DRACRU COMPANY: cocktail di stili e intepreti in sintonia perfetta
E così abbiamo un cocktail di stili funzionali a questa sperimentazione di danza di strada all’interno del luogo teatro, uno spazio fisico delimitato e concettualmente pieno, anche se in modo diverso rispetto alla strada. Le loro partiture fisiche spaziano dall’hip hop, all’house, passando per il rock, il jazz e la break dance, senza timore, lasciandosi andare alla sperimentazione fino in fondo, traendo forza da questa contaminazione, che impreziosisce l’ambizioso progetto. L’amalgama funziona, ci troviamo davanti a stili diversi che però percepiamo come un unico fluire, un unico movimento fatto di tante sfumature.
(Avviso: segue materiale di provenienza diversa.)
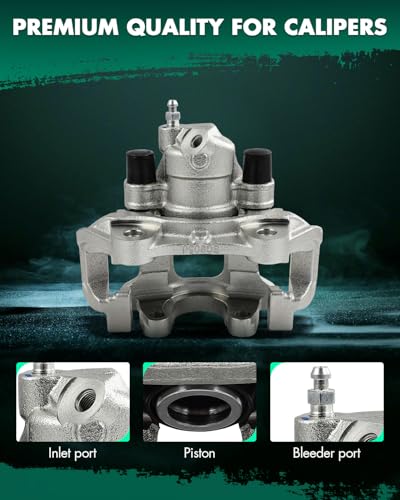 SCITOO Rear Left Disc Brake Caliper With Bracket 19B3314 - size: Rear Driver[19B3314]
Gli interpreti: Davide Angelozzi, Samar Khorwash, Alessandro Marconcini, Alessandra Ruggeri, Serena Stefani, Claudia Taloni e Tiziano Vecchi sono una squadra in sintonia perfetta, che non si risparmia mai, impeccabili in ogni minimo gesto, consapevoli in ogni sguardo, ci portano con loro nel racconto, nel difficile compito di raccontarcelo soltanto con il corpo, unico strumento a disposizione. Ed è proprio qui il fulcro della sfida di portare in scena uno spettacolo di teatro danza ispirato a un’opera letteraria molto famosa: già il teatro è un linguaggio molto diverso dalla letteratura, e il teatro danza è il figlio del teatro che ha però preso una sua particolare strada, scegliendo il corpo in tutto e per tutto, eliminando la parola.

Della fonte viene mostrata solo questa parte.